EXERCISE
After locating the line that contains "JD Williams Black" in the listing below, write out that line and every following line exactly, with no other output.

EXERCISE DATA
══════════════════════════════

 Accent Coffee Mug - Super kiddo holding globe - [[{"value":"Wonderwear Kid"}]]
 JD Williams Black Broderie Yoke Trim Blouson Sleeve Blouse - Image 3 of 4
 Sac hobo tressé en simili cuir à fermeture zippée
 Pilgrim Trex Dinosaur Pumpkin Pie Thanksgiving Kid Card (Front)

══════════════════════════════

RESULT OF THIS TASK
 JD Williams Black Broderie Yoke Trim Blouson Sleeve Blouse - Image 3 of 4
 Sac hobo tressé en simili cuir à fermeture zippée
 Pilgrim Trex Dinosaur Pumpkin Pie Thanksgiving Kid Card (Front)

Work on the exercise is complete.